◆ **SOURCE DATA**:
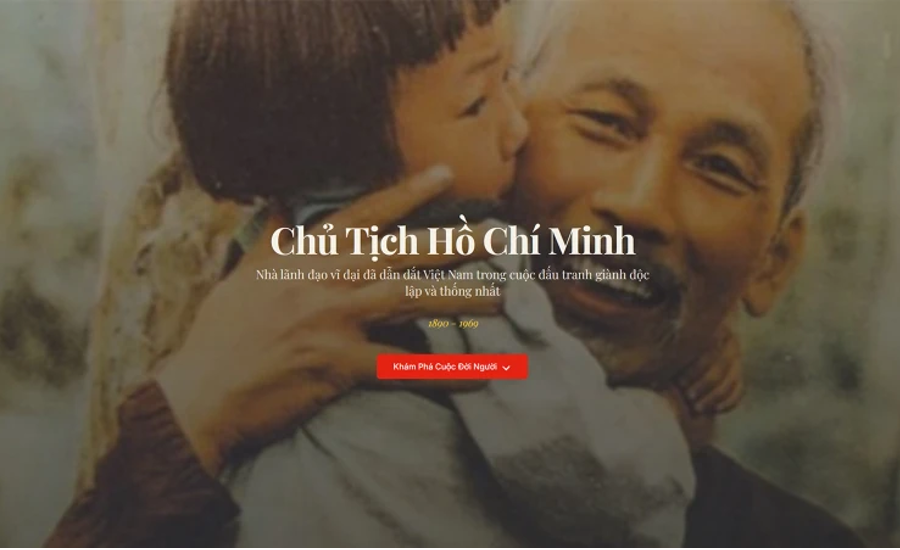 Nhóm bạn trẻ Hà Nội dùng GenAI tái hiện cuộc đời cách mạng của Bác Hồ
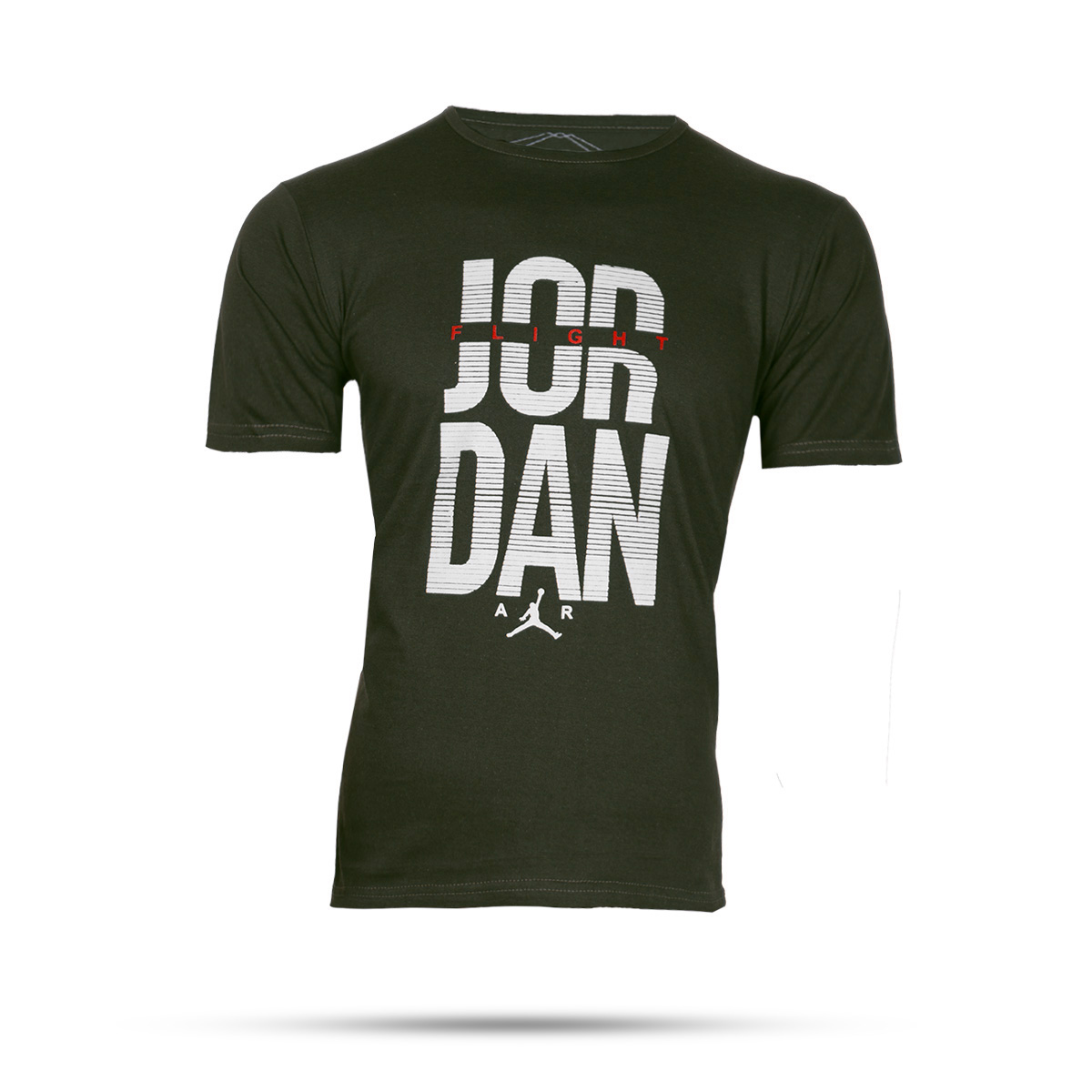 تیشرت مردانه سبز(T) مدل Jordan
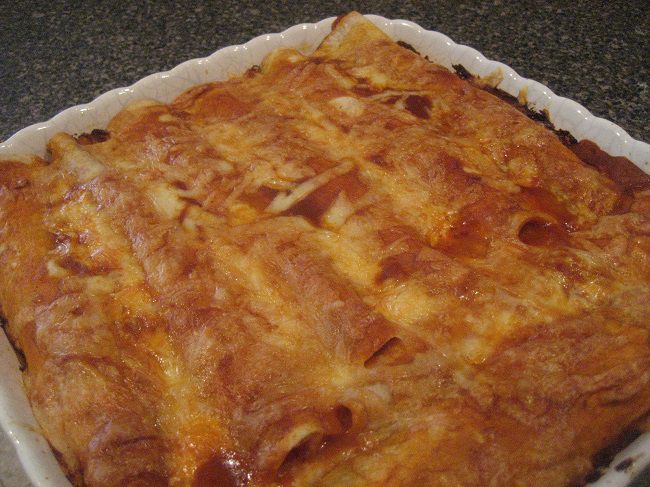 Turkey Enchiladas Recipe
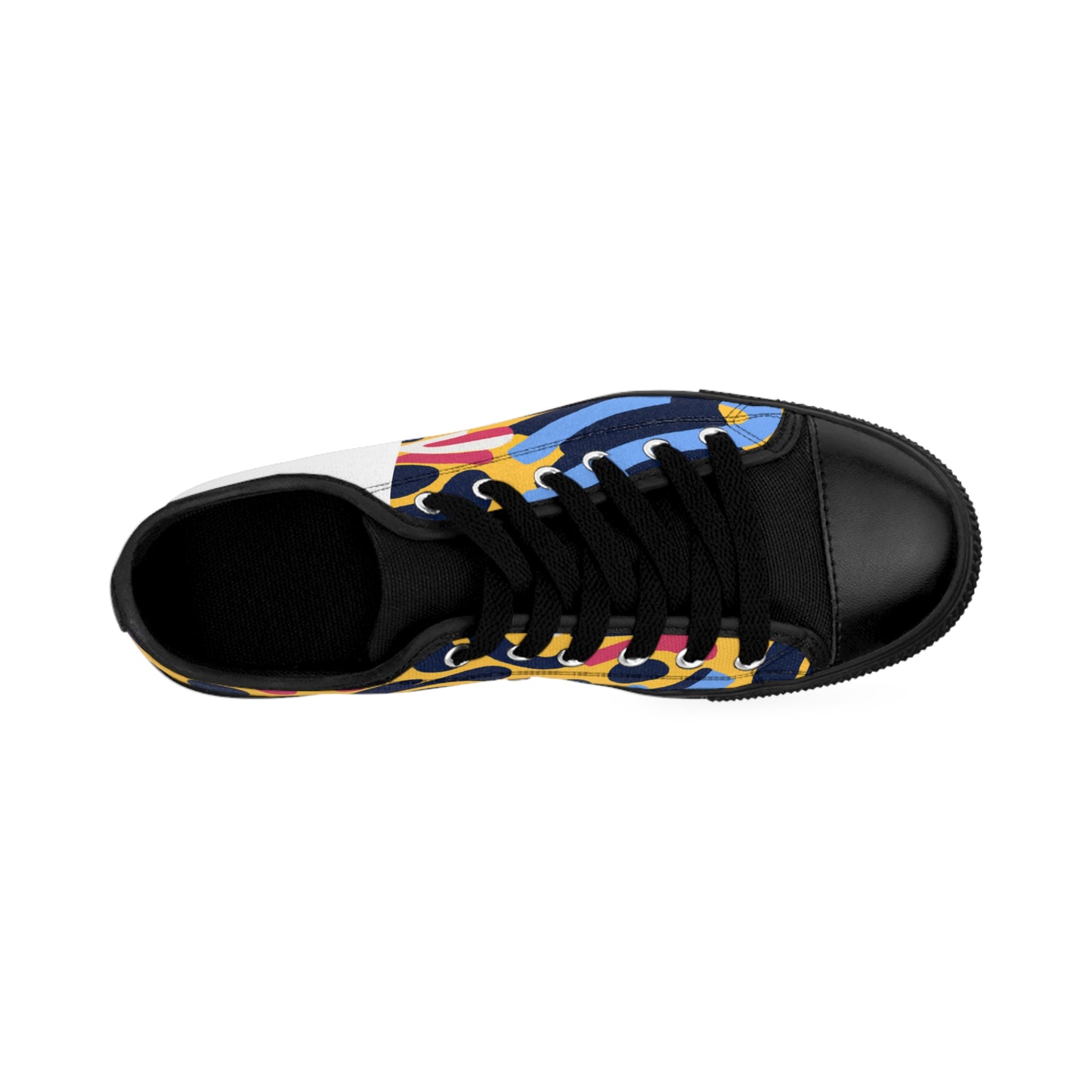 Alessandro Villa, an audacious and ambitious Spanish shoemaker from the 1500s. Having begun his career as a humble cobblers apprentice, he rose to fame as an innovative designer, creating colorful, patterned shoes decorated with jewels and-low top
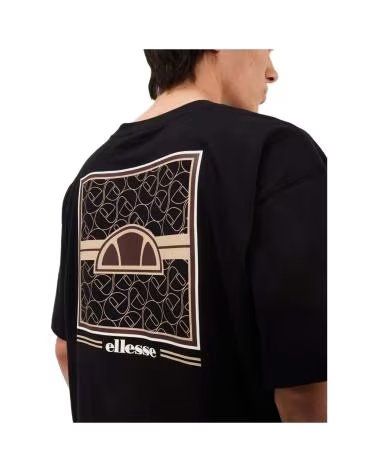 ELLESSE T-SHIRT PEROLI PARA HOMEM PRETO NEGRO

◆ **WORK INSTRUCTIONS**: Give back each of the records above word for word, apart from the pictures.

◆ **TASK RESPONSE**:
 Nhóm bạn trẻ Hà Nội dùng GenAI tái hiện cuộc đời cách mạng của Bác Hồ
 تیشرت مردانه سبز(T) مدل Jordan
 Turkey Enchiladas Recipe
 Alessandro Villa, an audacious and ambitious Spanish shoemaker from the 1500s. Having begun his career as a humble cobblers apprentice, he rose to fame as an innovative designer, creating colorful, patterned shoes decorated with jewels and-low top
 ELLESSE T-SHIRT PEROLI PARA HOMEM PRETO NEGRO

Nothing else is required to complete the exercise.